Flexibel, einsatzbereit, leistungsorientiert, teamfähig
Stefanie Linsener würde sich als zielstrebig bezeichnen. Major Fischer unterstreicht, dass seine Mitarbeiterin in der Presseabteilung beim Streitkräfteunterstützungskommando in Köln-Wahn das Zeug dazu gehabt hätte, Hauptfeldwebel zu werden. Den Eignungstest hatte sie bestanden. Ihr Ex-Mann, den sie bei der Bundeswehr kennen lernte, stellte sie vor die Wahl: Karriere oder Liebe. Sie entschied sich für den Mann. Die Beziehung ist inzwischen zerbrochen. Schicksal. Stefanie Linsener lächelt und zuckt mit den Schultern.
Immer wieder aufstehen - das hat sie gelernt beim “Bund”. Und auch immer wieder neu anzufangen. Dreimal wurde Stefanie Linsener versetzt. Zur Zeit lebt sie in einer WG in Köln. Wenn sie sich in Uniform außerhalb der Kaserne zeige, werde sie manchmal angestarrt, “so als trüge sie eine Karnevalsverkleidung”. Im Straßenbild sind Soldatinnen eben noch keine Selbstverständlichkeit. In den Reihen von Marine, Luftwaffe und Heer schon.
Neun Prozent der Soldaten sind weiblich
17.000 Soldatinnn leisten Dienst bei den Streitkräften. Stefanie Linsener ist seit neun Jahren bei der Truppe. Weitere zwei Jahre wird sie in ihrem Büro beim Streitkräfteunterstützungskommando in Köln-Wahn noch Presseanfragen bearbeiten als Assistentin von Major Jürgen Fischer. Der weiss, was er an Mitarbeiterinnen wie Stabsunteroffizier Linsener hat. “Frauen sind ja multitaskingfähig. Das ist mein Nachteil. In vielen Bereichen können sie auch akribischer arbeiten. Sind auch konzentrierter bei der Sache. Insgesamt macht die Zusammenarbeit Spaß. Man kann sich auch auf Frauen sehr gut verlassen. Wenn die sagen: Das hab' ich im Griff, dann ist das auch so.”

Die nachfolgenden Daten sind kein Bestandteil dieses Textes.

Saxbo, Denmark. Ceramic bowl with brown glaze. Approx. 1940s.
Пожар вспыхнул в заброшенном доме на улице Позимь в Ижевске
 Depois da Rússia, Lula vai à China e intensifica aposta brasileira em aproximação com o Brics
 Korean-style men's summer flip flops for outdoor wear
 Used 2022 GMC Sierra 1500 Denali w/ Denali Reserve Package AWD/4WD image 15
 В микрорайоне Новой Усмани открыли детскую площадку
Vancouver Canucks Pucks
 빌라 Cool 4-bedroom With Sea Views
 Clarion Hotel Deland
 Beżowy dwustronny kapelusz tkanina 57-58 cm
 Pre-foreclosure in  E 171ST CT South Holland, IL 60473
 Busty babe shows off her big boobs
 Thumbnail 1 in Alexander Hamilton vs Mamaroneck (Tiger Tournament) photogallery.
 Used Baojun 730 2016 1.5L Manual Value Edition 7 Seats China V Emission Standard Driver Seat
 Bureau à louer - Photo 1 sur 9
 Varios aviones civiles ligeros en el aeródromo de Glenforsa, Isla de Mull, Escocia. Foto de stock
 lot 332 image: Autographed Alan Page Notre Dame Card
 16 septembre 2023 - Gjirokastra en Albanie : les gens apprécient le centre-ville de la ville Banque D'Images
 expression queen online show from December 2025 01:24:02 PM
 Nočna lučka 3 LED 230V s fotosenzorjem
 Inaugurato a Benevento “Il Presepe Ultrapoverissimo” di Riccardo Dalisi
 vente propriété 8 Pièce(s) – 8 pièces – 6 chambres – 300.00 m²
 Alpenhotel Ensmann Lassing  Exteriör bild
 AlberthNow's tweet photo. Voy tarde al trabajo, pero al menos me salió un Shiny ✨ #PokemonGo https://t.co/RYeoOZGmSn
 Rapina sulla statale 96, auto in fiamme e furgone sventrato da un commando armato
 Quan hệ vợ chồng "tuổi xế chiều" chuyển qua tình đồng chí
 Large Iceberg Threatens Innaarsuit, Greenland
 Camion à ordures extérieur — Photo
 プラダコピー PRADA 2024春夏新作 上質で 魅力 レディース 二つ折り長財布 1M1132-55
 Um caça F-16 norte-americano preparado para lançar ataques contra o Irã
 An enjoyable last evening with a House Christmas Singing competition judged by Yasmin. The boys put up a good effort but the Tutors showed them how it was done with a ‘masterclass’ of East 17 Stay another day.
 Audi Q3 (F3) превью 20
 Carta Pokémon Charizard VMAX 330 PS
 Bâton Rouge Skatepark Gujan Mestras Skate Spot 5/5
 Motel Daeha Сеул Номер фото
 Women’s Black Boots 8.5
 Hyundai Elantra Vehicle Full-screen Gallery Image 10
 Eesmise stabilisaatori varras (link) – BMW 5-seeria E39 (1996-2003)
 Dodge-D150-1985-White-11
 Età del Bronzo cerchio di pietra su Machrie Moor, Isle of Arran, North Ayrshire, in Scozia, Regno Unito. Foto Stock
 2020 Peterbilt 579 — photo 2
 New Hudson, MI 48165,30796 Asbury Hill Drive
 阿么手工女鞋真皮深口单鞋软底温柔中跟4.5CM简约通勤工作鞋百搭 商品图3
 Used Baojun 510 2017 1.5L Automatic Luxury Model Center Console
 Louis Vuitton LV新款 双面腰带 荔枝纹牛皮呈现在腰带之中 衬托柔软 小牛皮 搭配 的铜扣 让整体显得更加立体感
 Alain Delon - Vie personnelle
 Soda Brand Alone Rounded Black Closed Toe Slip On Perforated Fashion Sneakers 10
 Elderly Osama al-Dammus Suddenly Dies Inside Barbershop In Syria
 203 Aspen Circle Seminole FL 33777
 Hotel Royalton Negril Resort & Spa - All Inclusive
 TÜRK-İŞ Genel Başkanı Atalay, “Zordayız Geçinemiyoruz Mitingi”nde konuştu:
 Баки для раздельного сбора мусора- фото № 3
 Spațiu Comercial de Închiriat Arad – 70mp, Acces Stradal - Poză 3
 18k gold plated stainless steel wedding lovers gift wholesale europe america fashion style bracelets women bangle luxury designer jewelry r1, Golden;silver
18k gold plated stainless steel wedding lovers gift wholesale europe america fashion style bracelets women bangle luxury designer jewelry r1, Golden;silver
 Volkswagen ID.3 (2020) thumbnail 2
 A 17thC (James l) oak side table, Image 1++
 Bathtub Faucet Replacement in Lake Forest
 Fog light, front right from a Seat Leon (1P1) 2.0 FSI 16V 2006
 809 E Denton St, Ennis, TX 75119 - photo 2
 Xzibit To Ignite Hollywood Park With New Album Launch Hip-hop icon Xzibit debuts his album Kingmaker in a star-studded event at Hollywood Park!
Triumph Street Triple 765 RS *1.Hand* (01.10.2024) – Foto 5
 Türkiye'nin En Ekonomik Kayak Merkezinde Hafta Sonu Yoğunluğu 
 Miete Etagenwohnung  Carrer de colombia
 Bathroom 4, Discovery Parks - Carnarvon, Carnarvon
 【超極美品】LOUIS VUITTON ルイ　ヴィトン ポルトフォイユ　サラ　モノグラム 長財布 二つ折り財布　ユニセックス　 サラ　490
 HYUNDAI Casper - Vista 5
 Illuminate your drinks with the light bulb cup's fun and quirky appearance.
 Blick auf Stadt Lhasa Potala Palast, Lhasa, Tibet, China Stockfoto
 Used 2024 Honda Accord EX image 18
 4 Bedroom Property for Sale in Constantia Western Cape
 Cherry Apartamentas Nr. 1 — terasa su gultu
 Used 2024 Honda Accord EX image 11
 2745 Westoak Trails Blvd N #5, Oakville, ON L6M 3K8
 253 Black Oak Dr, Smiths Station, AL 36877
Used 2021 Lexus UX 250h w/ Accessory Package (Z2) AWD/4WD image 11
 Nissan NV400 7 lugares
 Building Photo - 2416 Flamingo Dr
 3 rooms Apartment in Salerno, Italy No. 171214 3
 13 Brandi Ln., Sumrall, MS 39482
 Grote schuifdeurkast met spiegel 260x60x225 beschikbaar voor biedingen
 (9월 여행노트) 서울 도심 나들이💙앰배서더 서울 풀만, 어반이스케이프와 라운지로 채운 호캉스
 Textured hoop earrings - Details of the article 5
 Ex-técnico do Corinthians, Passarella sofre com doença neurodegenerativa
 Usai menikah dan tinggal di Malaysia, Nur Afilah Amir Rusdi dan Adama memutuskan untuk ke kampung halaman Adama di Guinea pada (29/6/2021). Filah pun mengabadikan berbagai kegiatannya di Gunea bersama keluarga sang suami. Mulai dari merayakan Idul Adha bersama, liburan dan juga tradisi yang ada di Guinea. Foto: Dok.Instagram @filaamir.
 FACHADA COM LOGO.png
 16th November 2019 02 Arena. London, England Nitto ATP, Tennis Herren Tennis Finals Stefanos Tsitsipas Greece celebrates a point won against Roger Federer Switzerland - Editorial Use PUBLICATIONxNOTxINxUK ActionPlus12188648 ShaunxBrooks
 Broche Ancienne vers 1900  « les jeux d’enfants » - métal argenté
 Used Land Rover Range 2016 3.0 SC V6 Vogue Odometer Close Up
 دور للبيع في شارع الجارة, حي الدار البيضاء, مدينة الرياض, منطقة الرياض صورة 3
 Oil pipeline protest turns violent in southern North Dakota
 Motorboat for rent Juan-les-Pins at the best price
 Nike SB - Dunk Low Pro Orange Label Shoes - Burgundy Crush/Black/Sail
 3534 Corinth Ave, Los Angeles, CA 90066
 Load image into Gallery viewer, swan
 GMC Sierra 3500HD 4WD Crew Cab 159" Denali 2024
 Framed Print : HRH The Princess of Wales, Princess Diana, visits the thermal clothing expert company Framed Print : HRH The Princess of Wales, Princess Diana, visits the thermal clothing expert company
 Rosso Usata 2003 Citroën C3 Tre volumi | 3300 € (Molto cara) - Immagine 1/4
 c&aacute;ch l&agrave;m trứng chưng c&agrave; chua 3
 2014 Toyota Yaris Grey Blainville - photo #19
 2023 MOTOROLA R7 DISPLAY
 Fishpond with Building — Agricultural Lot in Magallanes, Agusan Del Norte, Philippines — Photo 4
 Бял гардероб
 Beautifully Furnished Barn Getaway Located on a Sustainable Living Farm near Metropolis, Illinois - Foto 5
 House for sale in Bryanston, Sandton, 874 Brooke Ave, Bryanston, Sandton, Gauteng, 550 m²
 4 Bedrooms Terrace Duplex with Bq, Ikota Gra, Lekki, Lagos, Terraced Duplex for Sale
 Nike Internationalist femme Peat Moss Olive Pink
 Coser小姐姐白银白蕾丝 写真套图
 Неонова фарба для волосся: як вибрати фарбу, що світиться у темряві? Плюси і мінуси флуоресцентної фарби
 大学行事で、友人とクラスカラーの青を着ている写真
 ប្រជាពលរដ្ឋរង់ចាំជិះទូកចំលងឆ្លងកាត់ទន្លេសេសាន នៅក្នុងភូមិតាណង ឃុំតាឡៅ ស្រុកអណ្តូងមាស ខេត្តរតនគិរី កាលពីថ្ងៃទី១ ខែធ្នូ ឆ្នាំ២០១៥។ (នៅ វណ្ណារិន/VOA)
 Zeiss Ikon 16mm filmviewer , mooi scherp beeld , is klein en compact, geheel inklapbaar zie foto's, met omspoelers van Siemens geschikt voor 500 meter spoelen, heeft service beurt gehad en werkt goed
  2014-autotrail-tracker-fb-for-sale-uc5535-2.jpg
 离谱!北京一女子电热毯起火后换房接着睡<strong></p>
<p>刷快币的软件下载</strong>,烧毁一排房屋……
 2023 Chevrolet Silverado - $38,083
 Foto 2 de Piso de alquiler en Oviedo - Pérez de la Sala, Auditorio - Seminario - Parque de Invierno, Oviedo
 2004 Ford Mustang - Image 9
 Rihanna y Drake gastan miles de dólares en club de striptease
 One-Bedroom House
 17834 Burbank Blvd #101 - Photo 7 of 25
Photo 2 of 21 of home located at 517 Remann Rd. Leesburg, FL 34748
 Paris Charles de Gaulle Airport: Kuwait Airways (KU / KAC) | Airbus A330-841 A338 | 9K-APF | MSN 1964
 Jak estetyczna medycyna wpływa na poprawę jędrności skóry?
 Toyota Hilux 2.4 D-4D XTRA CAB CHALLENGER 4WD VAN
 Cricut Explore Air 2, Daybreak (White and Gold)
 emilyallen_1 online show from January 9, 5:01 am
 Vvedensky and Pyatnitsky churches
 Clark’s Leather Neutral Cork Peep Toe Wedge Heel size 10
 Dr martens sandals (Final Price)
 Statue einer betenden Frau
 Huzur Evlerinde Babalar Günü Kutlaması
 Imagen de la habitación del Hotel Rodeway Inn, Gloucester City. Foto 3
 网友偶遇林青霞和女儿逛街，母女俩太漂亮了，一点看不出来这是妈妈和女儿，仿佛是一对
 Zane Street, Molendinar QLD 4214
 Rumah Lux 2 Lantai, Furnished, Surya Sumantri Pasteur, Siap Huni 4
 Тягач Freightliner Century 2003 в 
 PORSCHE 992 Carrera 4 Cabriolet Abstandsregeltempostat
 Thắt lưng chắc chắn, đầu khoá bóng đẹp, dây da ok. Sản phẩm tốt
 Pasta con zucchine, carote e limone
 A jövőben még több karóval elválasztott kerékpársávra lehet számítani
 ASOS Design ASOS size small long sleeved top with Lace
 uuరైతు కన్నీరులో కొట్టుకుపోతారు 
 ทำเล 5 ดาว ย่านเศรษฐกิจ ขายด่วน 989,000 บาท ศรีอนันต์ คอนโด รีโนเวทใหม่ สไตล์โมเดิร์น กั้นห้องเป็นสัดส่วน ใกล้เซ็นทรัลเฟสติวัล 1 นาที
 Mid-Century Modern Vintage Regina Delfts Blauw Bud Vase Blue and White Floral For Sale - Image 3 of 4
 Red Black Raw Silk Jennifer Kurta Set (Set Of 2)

Helm, Kampfstiefel und Tarnanzug sind griffbereit
Nach Afghanistan würde sie jederzeit nochmals gehen. Ihre Einsatzkleidung liegt bereit im Bürospind, und zuhause im Schrank hat sie ein Fach für Uniformen und Tarnanzüge eingerichtet. Fest steht, dass die Zeitsoldatin zwei Jahre bezahlte Berufsförderung erhält, bevor sie aus der Armee ausscheidet. Das Mediendesign-Studium interessiert sie, bei einem Wechsel zu den Zollbehörden wäre sie auch wieder abgesichert und könnte sich zur Hundeführerin ausbilden lassen. Sefanie Linsener weiß noch nicht so genau, was sie nach ihrer Bundeswehr-Zeit machen wird. Aber irgendwas wird sich schon ergeben. Wie bisher auch immer.